If you are a Microsoft Partner our template has the option to include NCE (New Commerce Experience), CSP (Cloud Service Provider) and Hardware clauses.
Here are some other reasons why you want to have an MSA:
Consistency and efficiency
An MSA is a framework agreement that should outline the terms and conditions for all your services. Instead of negotiating new agreements for each customer, you can reference the MSA, which saves time and reduces costs.
It also ensures that your customers are all working under the same terms and conditions.
Having a comprehensive MSA can help reduce your legal risks. It establishes clear guidelines for issues such as payment terms, confidentiality, warranties, and limitations of liability.
It also helps to prevent disputes by outlining the responsibilities of each party, minimising the likelihood of misunderstandings or disagreements.
When you have a well-drafted MSA in place, your customers will feel more confident in your business.
The MSA shows that you are professional, transparent, and take your legal obligations seriously. This can lead to increased customer satisfaction and loyalty.
While an MSA is a framework agreement, it is still flexible enough to allow for negotiations on certain terms.
This can be especially helpful when working with larger customers who have specific needs or requirements. Negotiating specific terms within the MSA can help you close deals faster and more efficiently.
Save time and money
By having an MSA in place, you can avoid the time and expense of negotiating new agreements for each customer for each project or service.
You can also minimise the risk of legal disputes and associated costs by having clear terms in place. Additionally, if you ever need to hire a lawyer to help resolve a dispute, having a well-drafted MSA can help make that process more efficient and cost-effective.

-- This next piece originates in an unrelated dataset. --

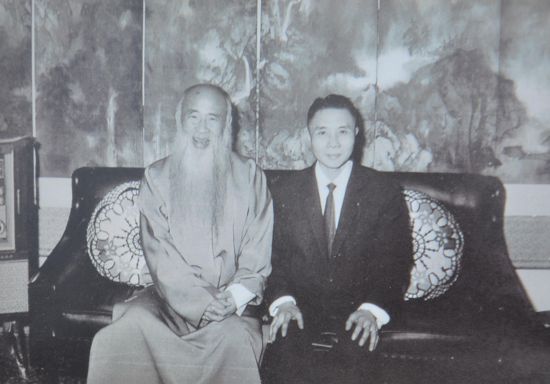 (张大千与匡仲英合影) (张大千与匡仲英合影)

How long does an MSA last?
We usually recommend an initial term of 12 months with an auto renew every 12 months thereafter with a right for the customer to give notice to terminate 90 days to expire at the end of each term. However, feel free to make your initial term and renewal terms longer!

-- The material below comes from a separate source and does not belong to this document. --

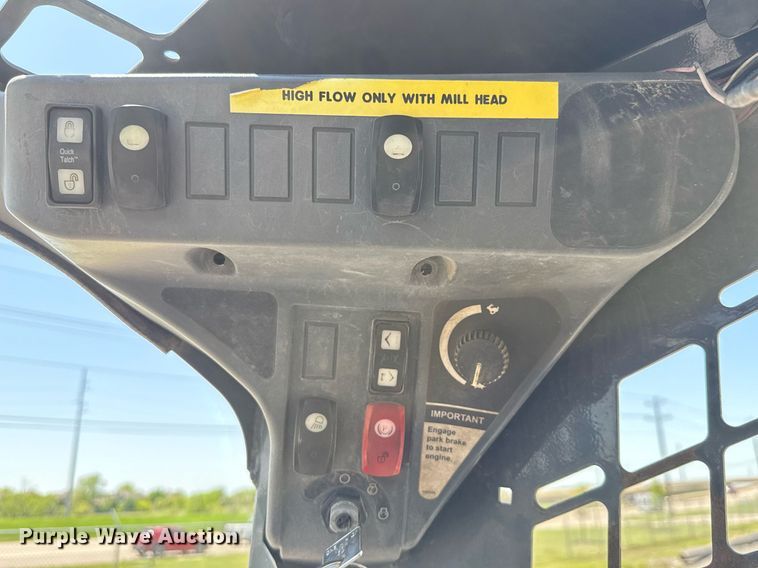 image for item EJ3628 2013 John Deere 332D skid steer loader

Can a Statement of Work (SoW) conflict with an MSA?
Yes, the SoW may conflict with the MSA. A good, flexible MSA should have a clause stating that, if a conflict arises between the documents, the SoW will take precedence.
What is in an MSA?
The MSA serves as a framework or foundation for future engagements or projects between two parties. It includes all the information that would be included in other more specific contracts (e.g. Professional Services Agreement, Managed Services Agreement, Sale of Goods and NCE/CSP wording) under one roof.
It can cover a wide range of topics, including payment terms, delivery issues and remedies, intellectual property ownership, confidentiality, warranties, liability, data protection and termination. By addressing these topics upfront, both parties can avoid future disputes.
It is an essential tool for managing your business relationships, establishing the terms and conditions of an ongoing business relationship. Ultimately having an MSA in place saves time, provides clarity, and fosters a collaborative, successful work relationship.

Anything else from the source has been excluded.